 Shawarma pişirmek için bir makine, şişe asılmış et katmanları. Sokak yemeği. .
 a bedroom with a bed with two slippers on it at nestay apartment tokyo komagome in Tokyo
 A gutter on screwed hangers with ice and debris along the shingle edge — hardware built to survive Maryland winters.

* * *

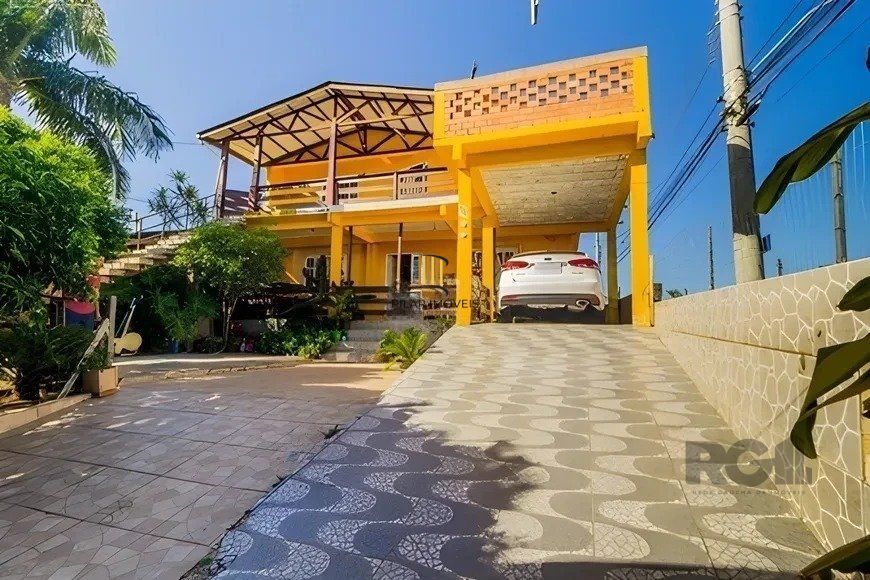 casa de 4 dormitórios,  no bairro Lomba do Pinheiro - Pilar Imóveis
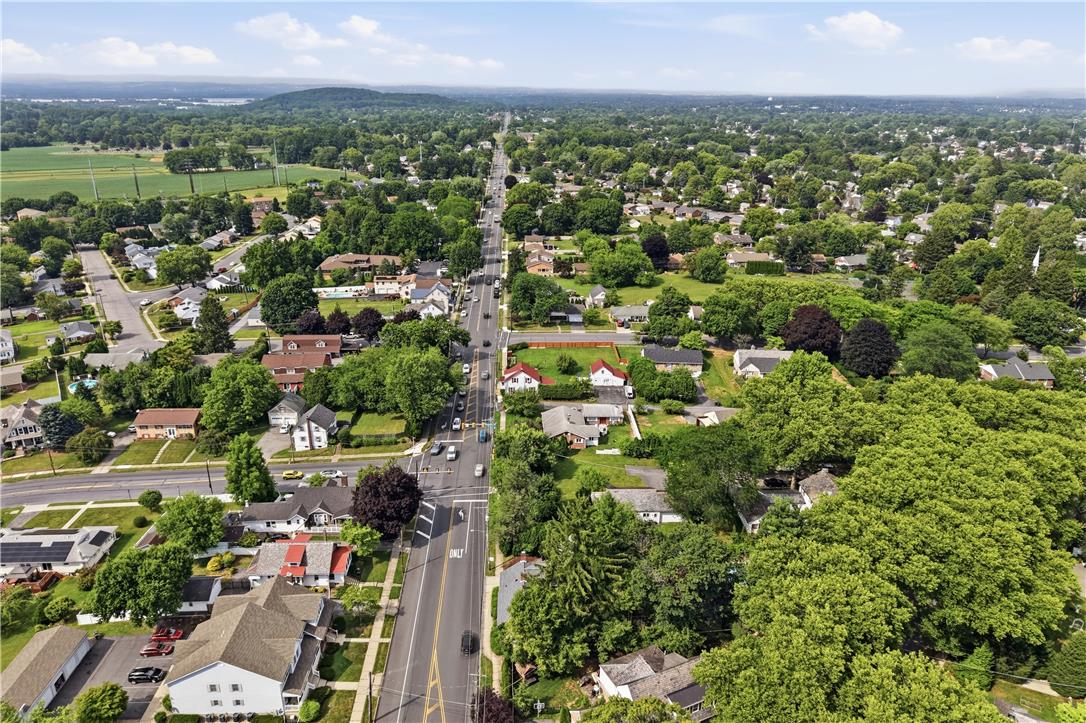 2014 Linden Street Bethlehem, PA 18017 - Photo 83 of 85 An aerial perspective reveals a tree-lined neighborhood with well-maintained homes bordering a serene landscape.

==

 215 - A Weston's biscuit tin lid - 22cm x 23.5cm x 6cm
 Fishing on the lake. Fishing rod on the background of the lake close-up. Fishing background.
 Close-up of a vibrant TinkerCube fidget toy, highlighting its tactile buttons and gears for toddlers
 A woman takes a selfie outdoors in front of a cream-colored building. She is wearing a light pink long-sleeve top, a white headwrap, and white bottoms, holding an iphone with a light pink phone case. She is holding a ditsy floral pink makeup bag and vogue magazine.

Directions:
Where the listing above has a line with "Close-up of a", start there, and output every line exactly through the line with "A woman takes", which is also included.

Result for this exercise:
 Close-up of a vibrant TinkerCube fidget toy, highlighting its tactile buttons and gears for toddlers
 A woman takes a selfie outdoors in front of a cream-colored building. She is wearing a light pink long-sleeve top, a white headwrap, and white bottoms, holding an iphone with a light pink phone case. She is holding a ditsy floral pink makeup bag and vogue magazine.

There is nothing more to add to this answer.